**What you have to do:** Please go line by line through the material and copy each one containing the word "Photo".

**Input material:**
-*-*-

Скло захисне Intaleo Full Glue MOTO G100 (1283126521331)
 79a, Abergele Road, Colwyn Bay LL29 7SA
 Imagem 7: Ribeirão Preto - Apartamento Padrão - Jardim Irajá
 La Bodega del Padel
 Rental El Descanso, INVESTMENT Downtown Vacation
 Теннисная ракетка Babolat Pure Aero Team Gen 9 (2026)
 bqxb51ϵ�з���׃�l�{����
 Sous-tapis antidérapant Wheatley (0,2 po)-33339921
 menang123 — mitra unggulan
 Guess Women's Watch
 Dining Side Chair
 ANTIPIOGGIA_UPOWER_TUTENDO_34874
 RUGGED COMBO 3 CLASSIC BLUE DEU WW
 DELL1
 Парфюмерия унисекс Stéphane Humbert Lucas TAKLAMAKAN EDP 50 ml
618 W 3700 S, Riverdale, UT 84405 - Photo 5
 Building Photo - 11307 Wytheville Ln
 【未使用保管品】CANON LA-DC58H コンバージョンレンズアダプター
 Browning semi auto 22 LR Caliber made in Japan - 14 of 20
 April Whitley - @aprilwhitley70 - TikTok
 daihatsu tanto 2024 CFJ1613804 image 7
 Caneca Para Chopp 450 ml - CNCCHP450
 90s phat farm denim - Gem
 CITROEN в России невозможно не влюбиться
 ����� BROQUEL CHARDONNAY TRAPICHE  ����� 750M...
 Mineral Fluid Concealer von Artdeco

-*-*-

**Solution for this task:**
618 W 3700 S, Riverdale, UT 84405 - Photo 5
 Building Photo - 11307 Wytheville Ln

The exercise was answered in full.